_THE PROBLEM_:
Copy all the entries word for word, but omit the pictures.

_AVAILABLE DATA_:
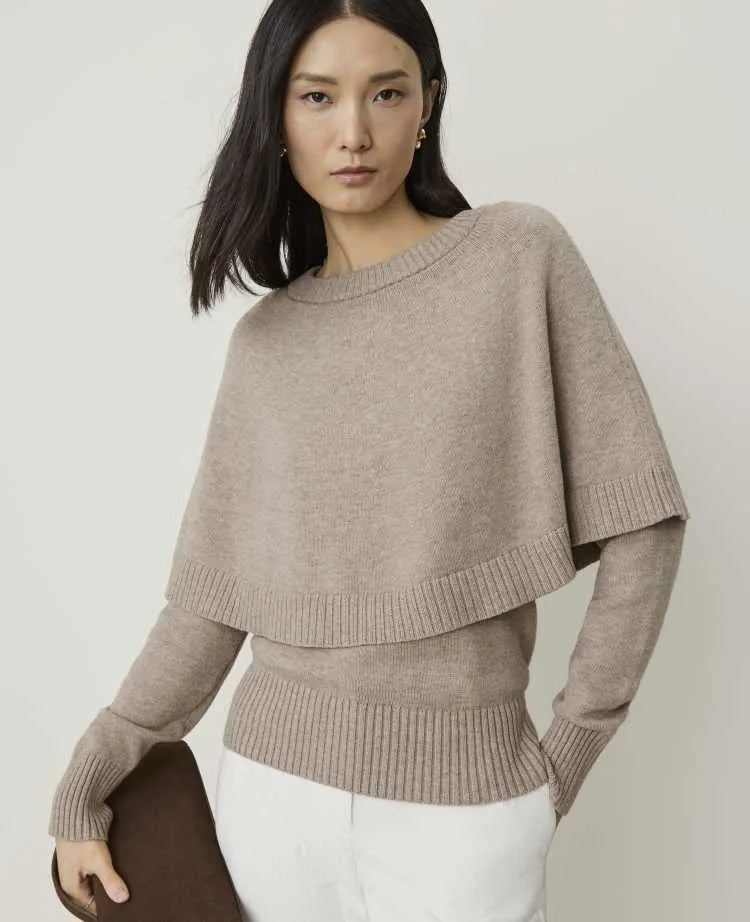 Petite Layered Capelet Sweater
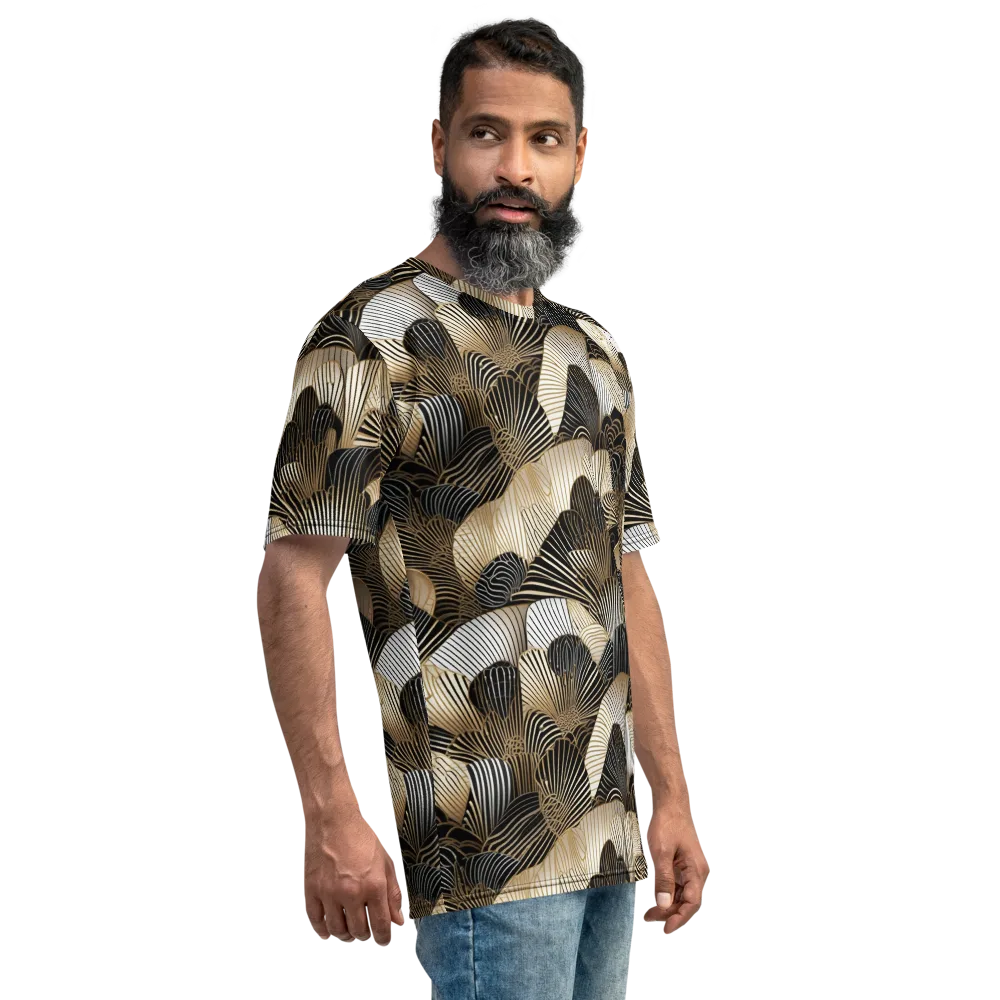 Noir Deco Bloom on Men's Crew Neck T-Shirt — Right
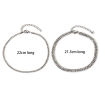 Imagen de 1 Unidad Respetuoso del Medio Ambiente Elegante Tono de Plata 304 Acero Inoxidable y Diamantes de Imitación Rhinestone Cadena Estrecha Tobilleras Para Mujeres Fiesta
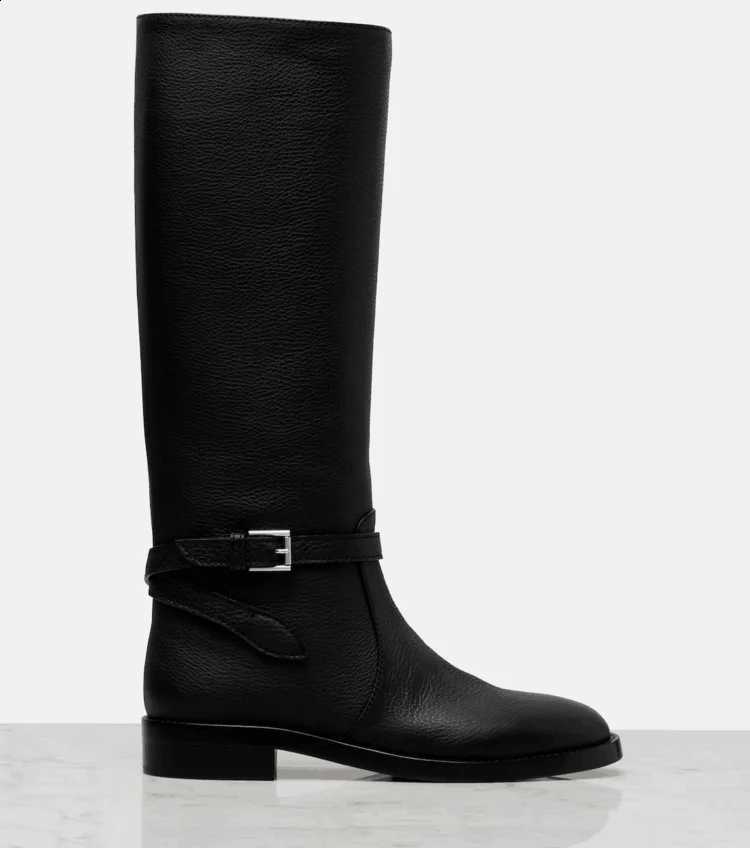 Round Headed Flat Leather Women's Mid Calf Boots Casual and Versatile Size 35-46 Black Knee High Boots Women's Boots D2609161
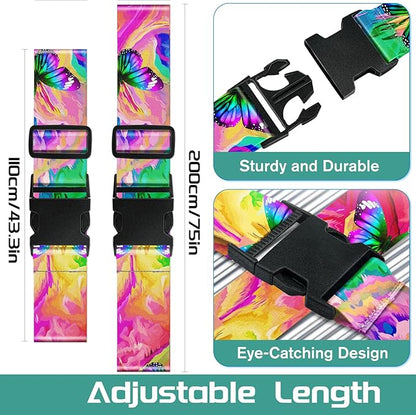 Slohif Luggage Straps for Suitcases Travel Belt Accessories Luggage Connector Identifiers Over Handle with Buckle Unique Nylon Adjustable Strap for Sleeping Bag Car Seat Butterfly (2 Pack)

_EXERCISE OUTPUT_:
 Petite Layered Capelet Sweater
 Noir Deco Bloom on Men's Crew Neck T-Shirt — Right
 Imagen de 1 Unidad Respetuoso del Medio Ambiente Elegante Tono de Plata 304 Acero Inoxidable y Diamantes de Imitación Rhinestone Cadena Estrecha Tobilleras Para Mujeres Fiesta
 Round Headed Flat Leather Women's Mid Calf Boots Casual and Versatile Size 35-46 Black Knee High Boots Women's Boots D2609161
 Slohif Luggage Straps for Suitcases Travel Belt Accessories Luggage Connector Identifiers Over Handle with Buckle Unique Nylon Adjustable Strap for Sleeping Bag Car Seat Butterfly (2 Pack)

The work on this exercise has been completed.